Connecting the collectors of some transistors allows us to multiply the reference current by the number of transistors. This effectively increases the area of the transistor. Taking the reference current and inputting it into multiple reference transistors allows us to fractionally scale the reference current.
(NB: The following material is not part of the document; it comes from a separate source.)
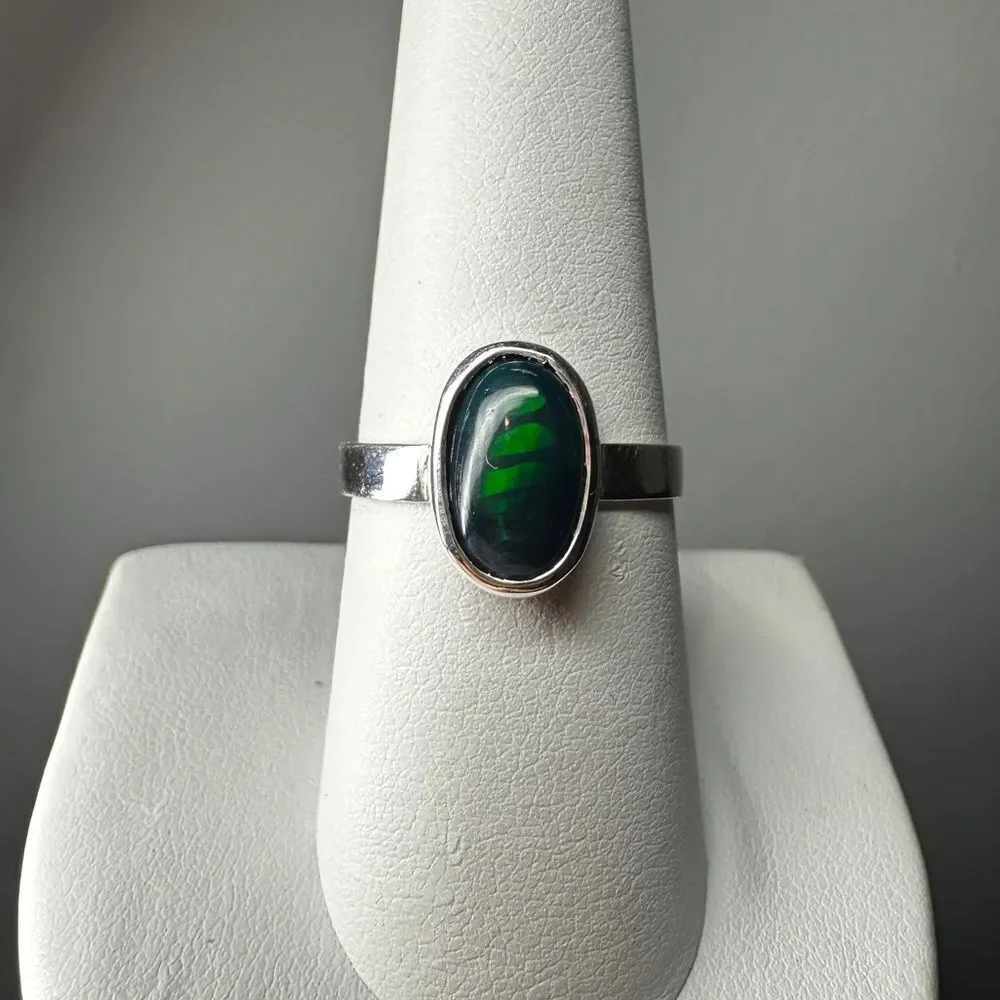 NWOT 6x10m oval Opal cabochon solitaire setting‎ ring in solid sterling silver!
The base current results in the difference between $I_{REF}$ and $I_{copy}$. This is because $I_{REF}$ splits and only $I_{C,REF}$ is copied. Because the $I_{B,REF}$ needs to supply the base current for all the BJTs, the more copies we make, the greater the error. This doesn't exist for MOSFETS as they have no gate current. We have a current of $\frac{I_{copy}}{\beta}$ going toward the copying transistors and a current of $\frac{I_{copy}}{n\beta}$ going toward the reference transistor. From this, we can find the $I_{REF}$: $$I_{REF}=I_{C,REF}+\frac{I_{copy}}{\beta}\frac{1}{n}+\frac{I_{copy}}{\beta}$$ As $I_{copy}=nI_{C,REF}$, we can find the copied current: $$I_{copy}=\frac{n_{I_{REF}}}{1+\frac{1}{\beta}(n+1)}$$ As $n$ increases, so does the copy error. Likewise, small values of $\beta$ lead to a larger error in $I_{copy}$. For large $\beta$ and moderate $n$, $I_{copy}\approx I_{REF}$.
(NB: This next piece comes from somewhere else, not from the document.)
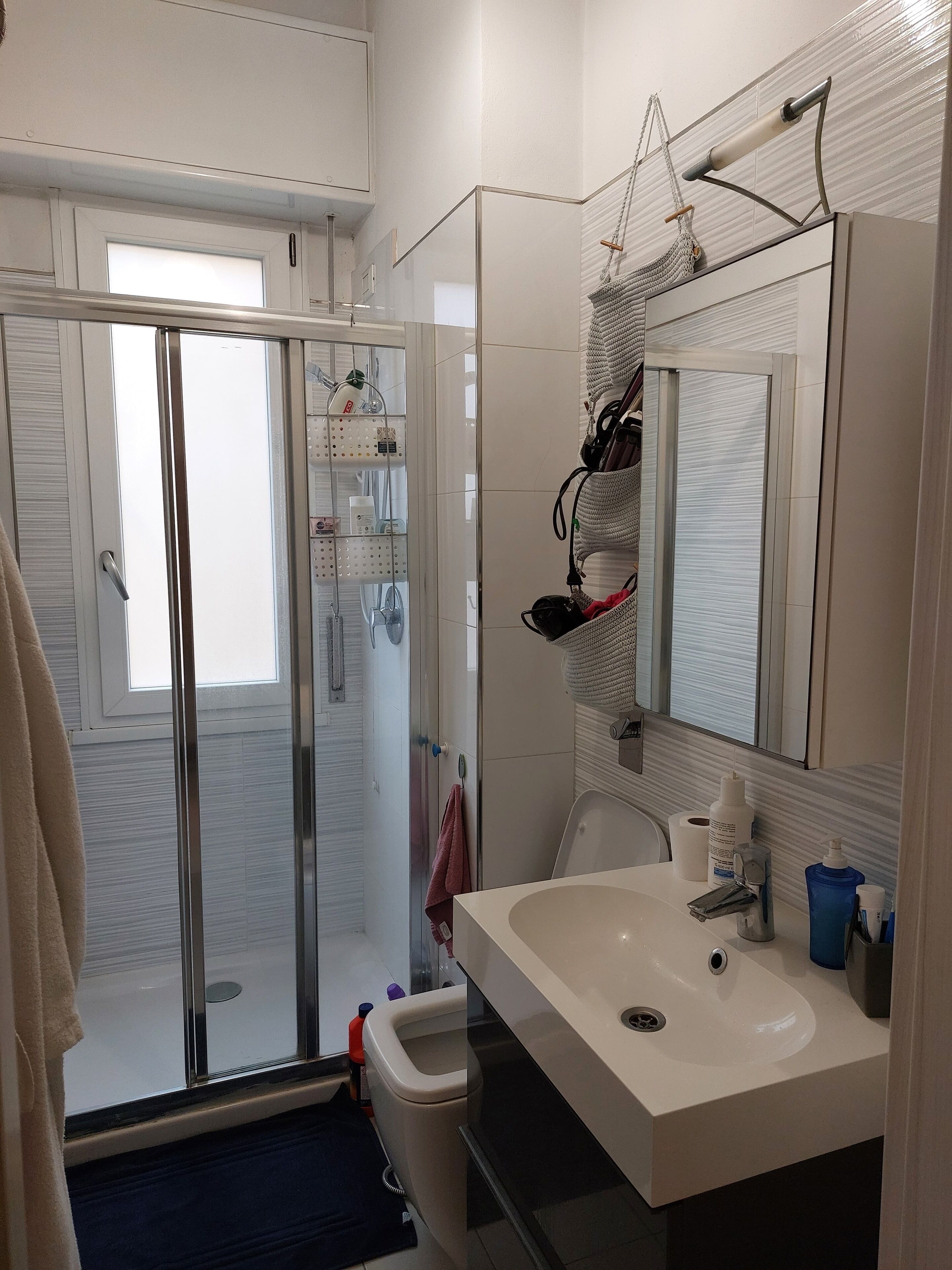 Douche, sèche-cheveux, bidet, serviettes fournies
We can improve the current mirror accuracy by adding a transistor between the reference and base currents, such that the emitter is connected to the base of the mirroring transistors. This further reduces the draw on the base current by a factor of $\beta$. The current into the base of this transistor becomes: $$I_{B,F}=\frac{I_{copy}}{\beta^2}\left(1+\frac{1}{n}\right)$$ The copied current then becomes: $$I_{copy}=\frac{nI_{REF}}{1+\frac{1}{\beta^2}(n+1)}$$

A reference current cannot run to ground, due to its circuitry, so to make a PNP mirror, we must first use a NPN mirror and use the copied current for the PNP mirror. This does introduce some error, but it is small. MOS transistors can be used as current mirrors, and follow the same rules as BJTs. For MOSFETs, the width to length ratio is analogous to the area of the BJT, allowing us to alter the ratio of reference to copied currents.

Differential amplifiers

Large signal analysis

Rectification is the process of converting AC to DC. This process results in an approximation of a flat line, with the variation from that line being ripple. This ripple is an AC component riding on the rectified DC. Sophisticated rectifiers can reduce ripple, but not eliminate it. When used for an amplifier, the ripple can add to the signal and produce noise after amplification.

Taking the difference between two sources with the same ripple produces an output without ripple, removing it in the process. Using two common emitter transistors, connected to the same bias and $V_{CC}$ and taking the output as the difference between the stage with the input and the stage without, we can remove the source ripple and get the resultant gained signal. The duplicate stage without the input remains idle, wasting current. If we connect the input to both transistors we get no output as both stages provide the same amplification. If instead we apply a $180^\circ$ phase shifted input to the second stage, we get double the gain as the resultant signal. The phase shift can be achieved with a centre tap transformer and can be biased to produce the differential signals. A single ended amplifier is one that takes a single input. A differential amplifier is one that takes two inputs and compares two outputs. Connecting the emitters together and to a constant tail current source cause the transistors to operate as a differential pair.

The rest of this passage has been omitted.